RECORDS SHOWN Start Marker

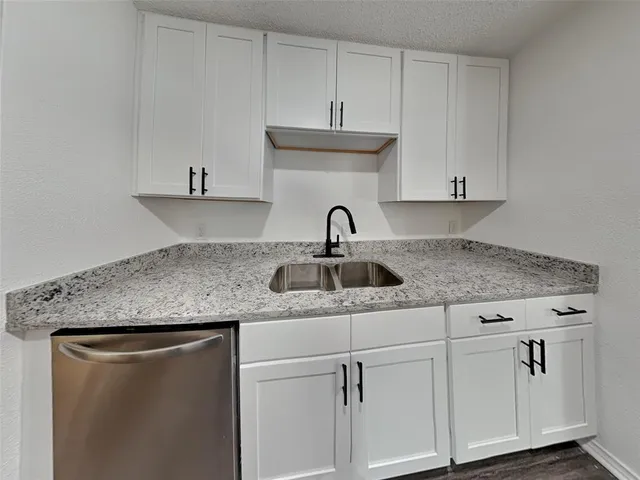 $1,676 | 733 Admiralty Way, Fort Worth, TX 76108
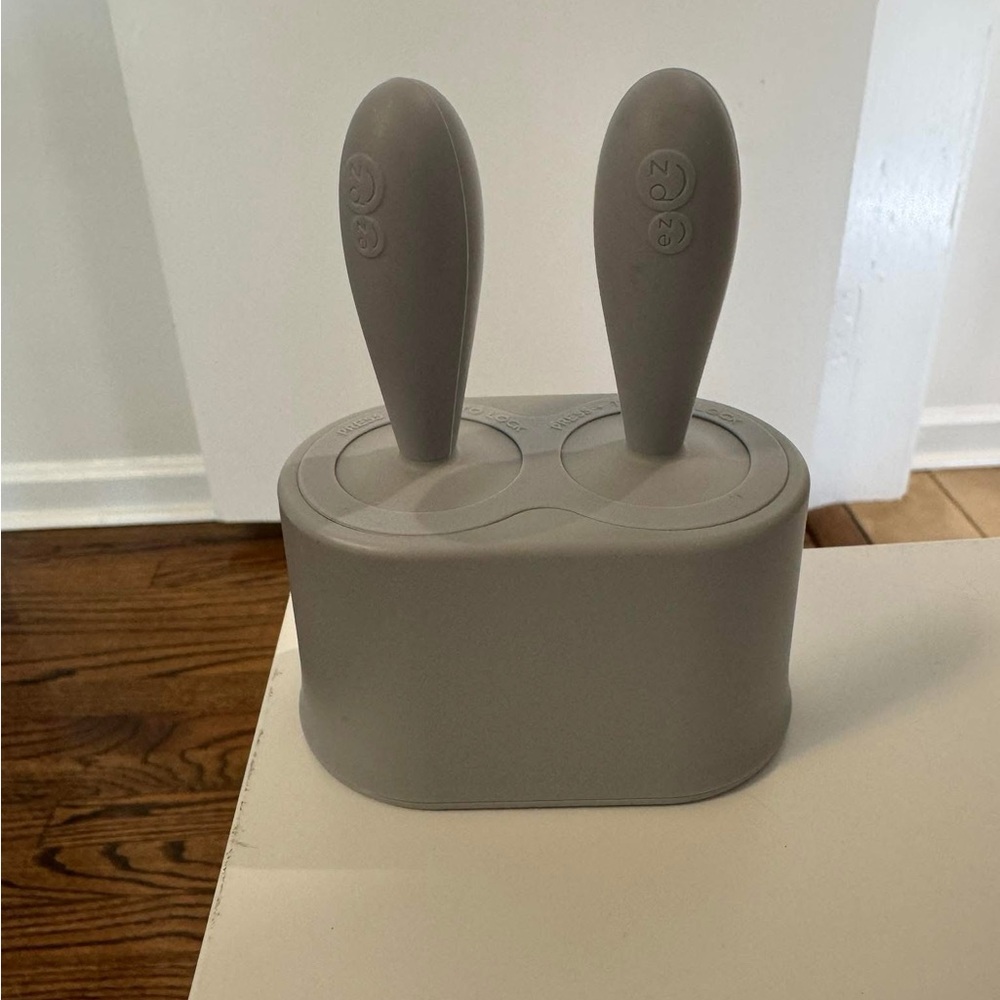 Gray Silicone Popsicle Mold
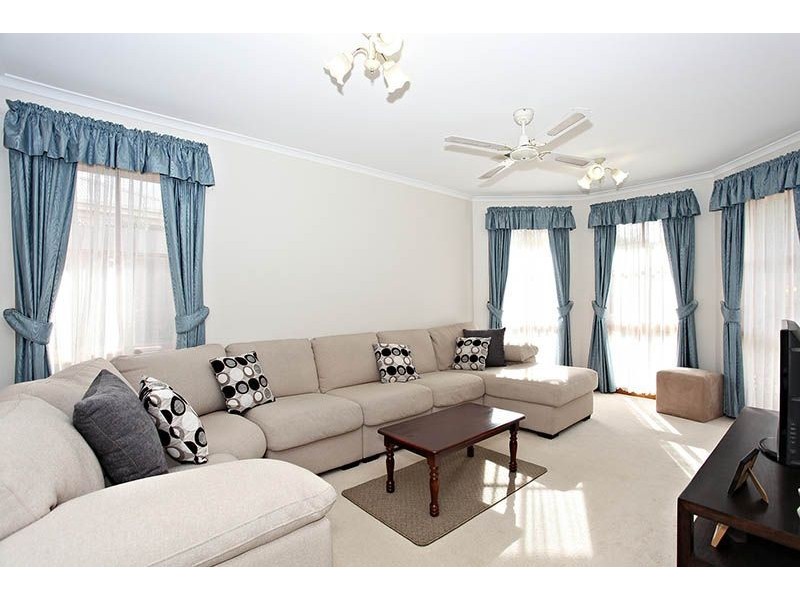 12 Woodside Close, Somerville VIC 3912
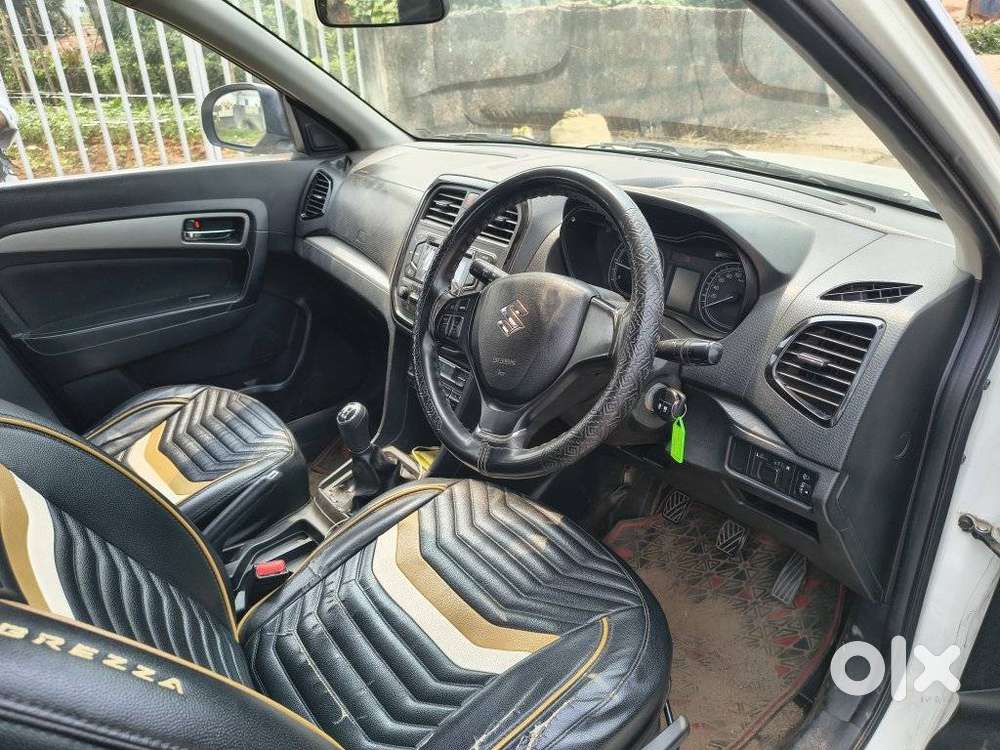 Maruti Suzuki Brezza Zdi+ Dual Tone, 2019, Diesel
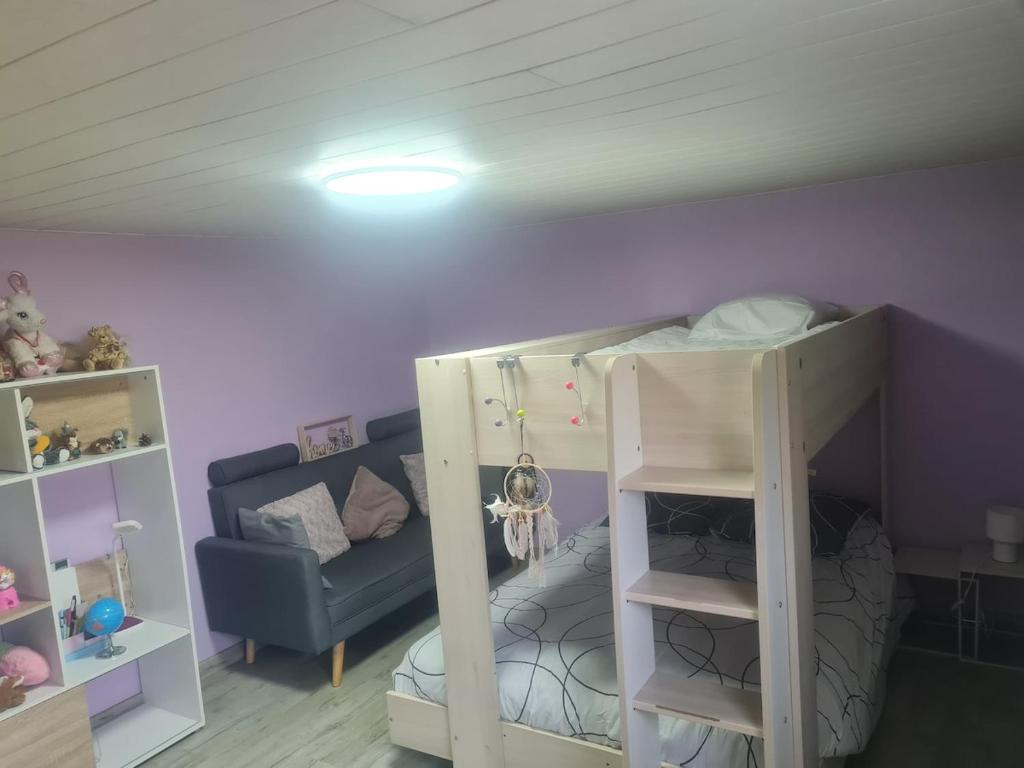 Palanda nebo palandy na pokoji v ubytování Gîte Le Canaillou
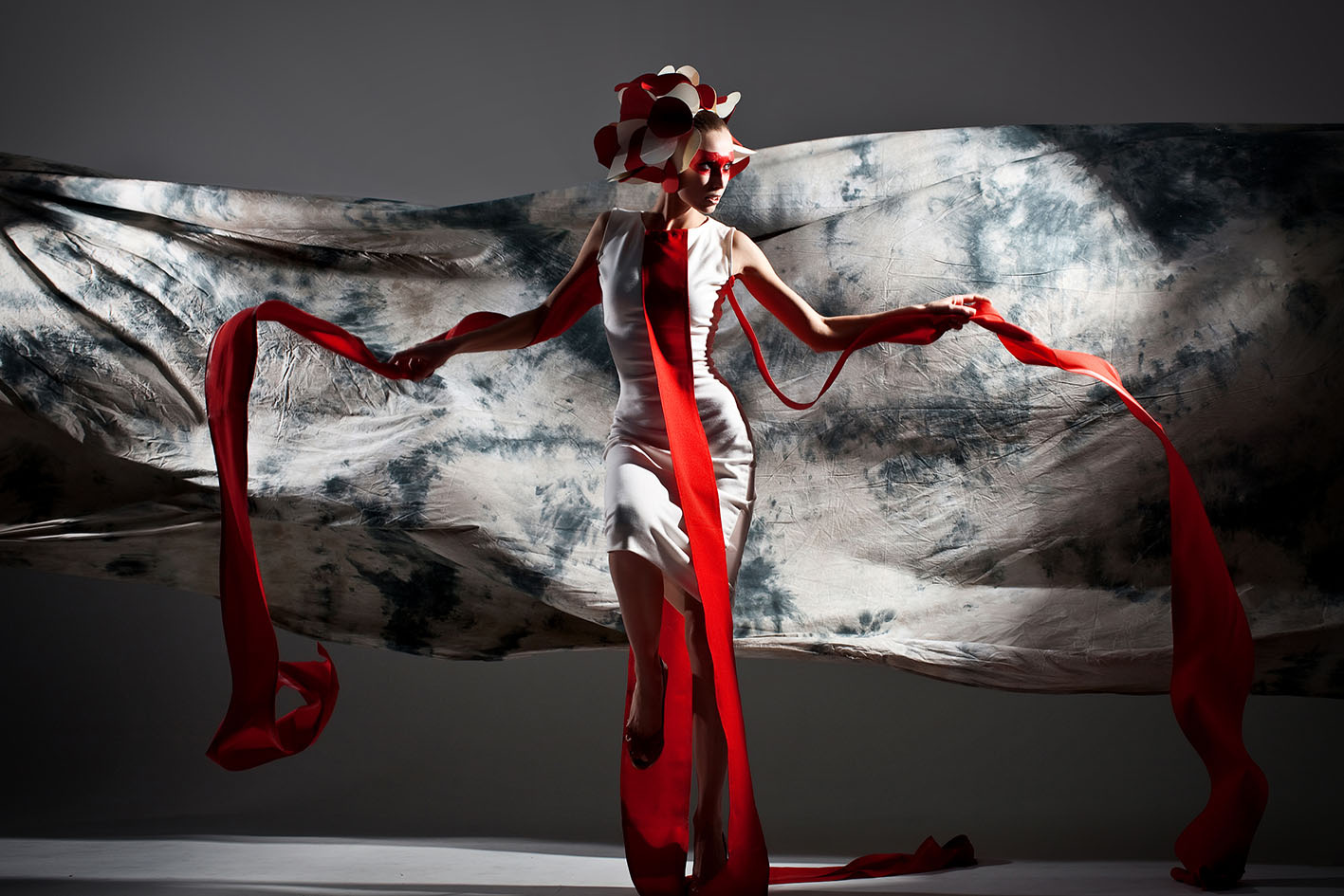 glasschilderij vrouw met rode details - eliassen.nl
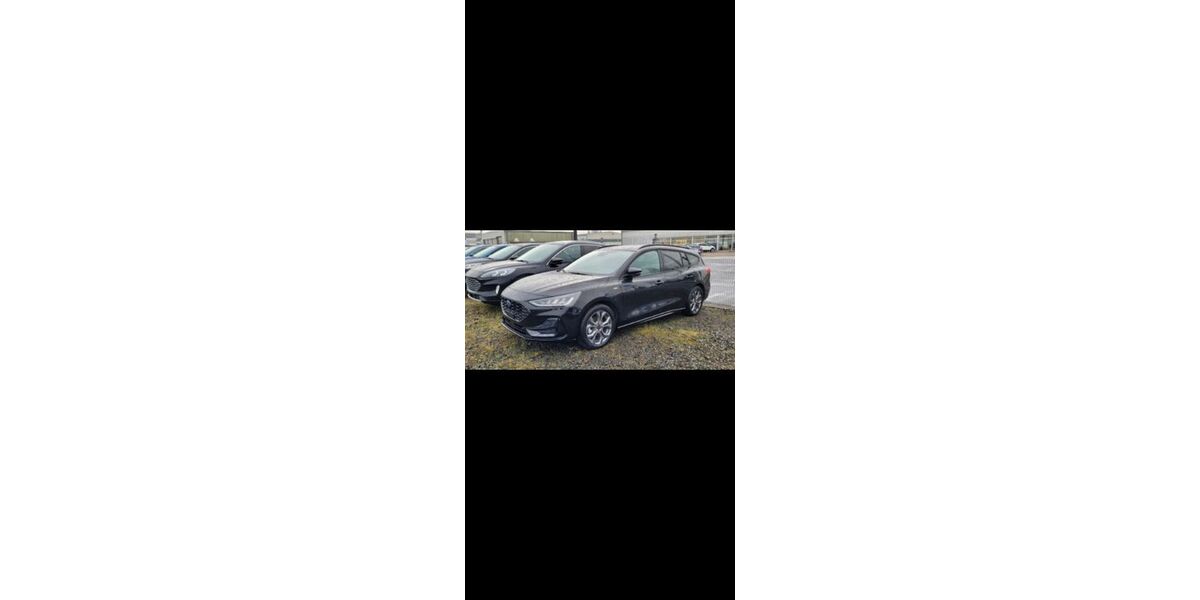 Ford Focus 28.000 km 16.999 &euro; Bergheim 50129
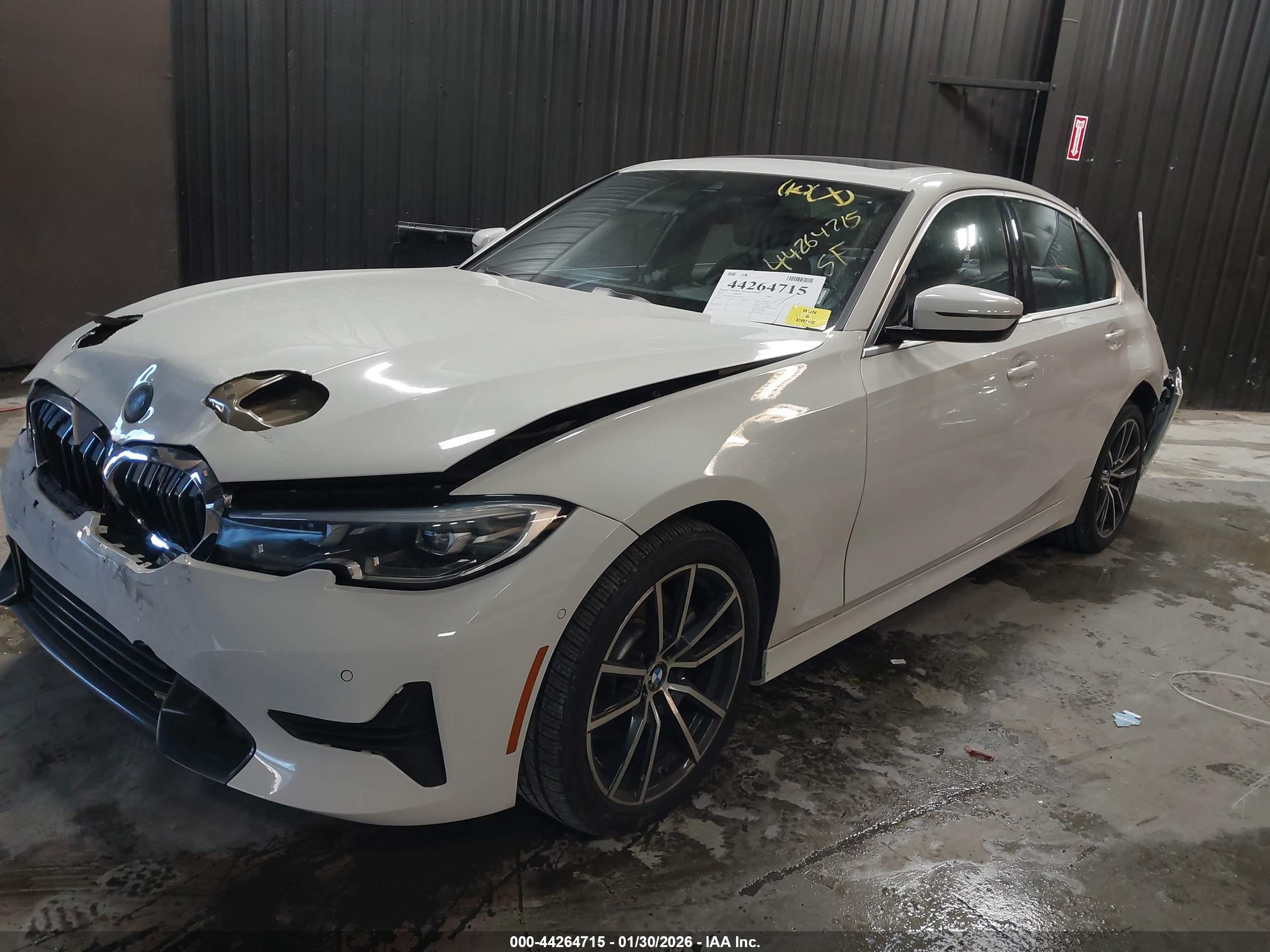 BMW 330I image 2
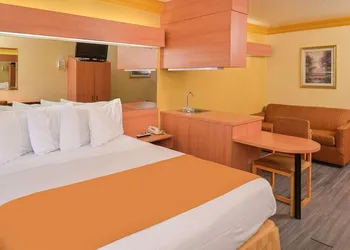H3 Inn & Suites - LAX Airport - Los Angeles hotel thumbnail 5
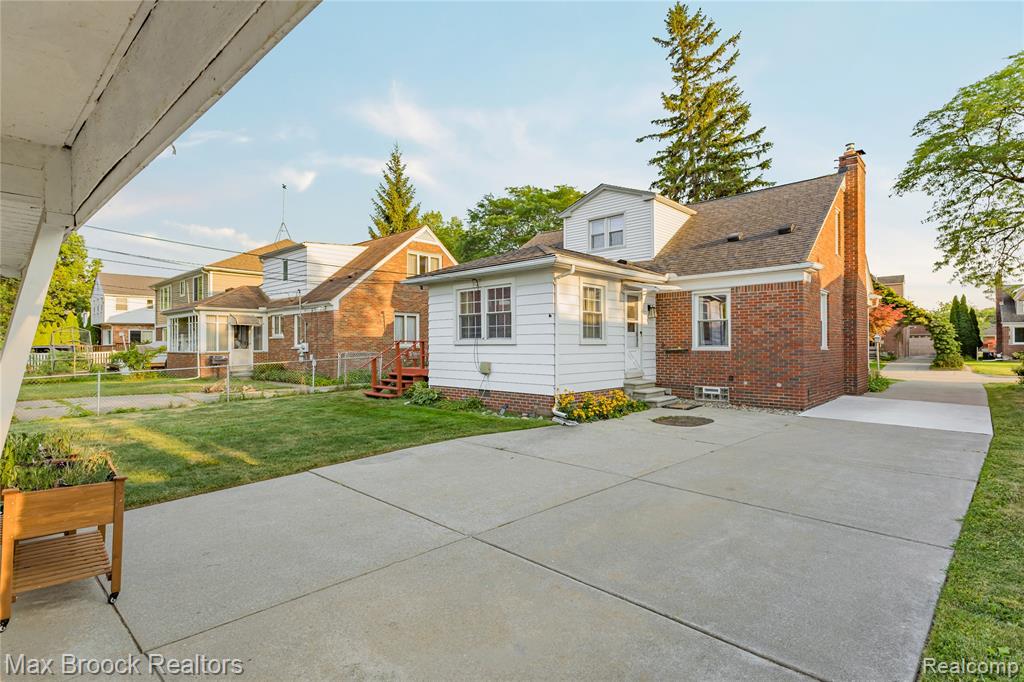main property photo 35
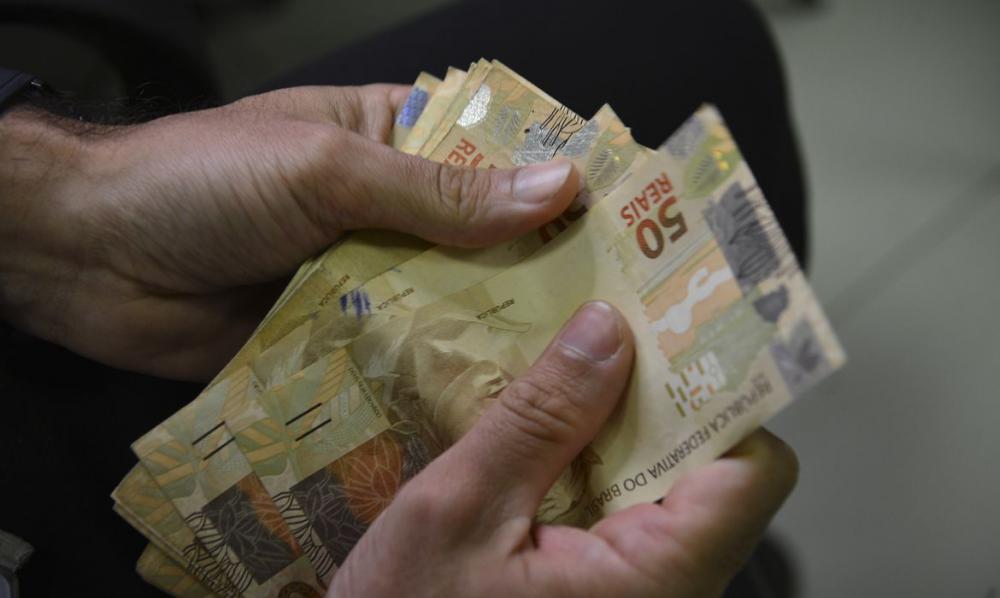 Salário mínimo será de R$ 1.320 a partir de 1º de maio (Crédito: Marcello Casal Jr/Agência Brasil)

RECORDS SHOWN End Marker

**REQUIRED ACTION:**
Although the records include pictures, output only their text, exactly and completely.

**EXERCISE RESULT:**
 $1,676 | 733 Admiralty Way, Fort Worth, TX 76108
 Gray Silicone Popsicle Mold
 12 Woodside Close, Somerville VIC 3912
 Maruti Suzuki Brezza Zdi+ Dual Tone, 2019, Diesel
 Palanda nebo palandy na pokoji v ubytování Gîte Le Canaillou
 glasschilderij vrouw met rode details - eliassen.nl
 Ford Focus 28.000 km 16.999 &euro; Bergheim 50129
 BMW 330I image 2
H3 Inn & Suites - LAX Airport - Los Angeles hotel thumbnail 5
main property photo 35
 Salário mínimo será de R$ 1.320 a partir de 1º de maio (Crédito: Marcello Casal Jr/Agência Brasil)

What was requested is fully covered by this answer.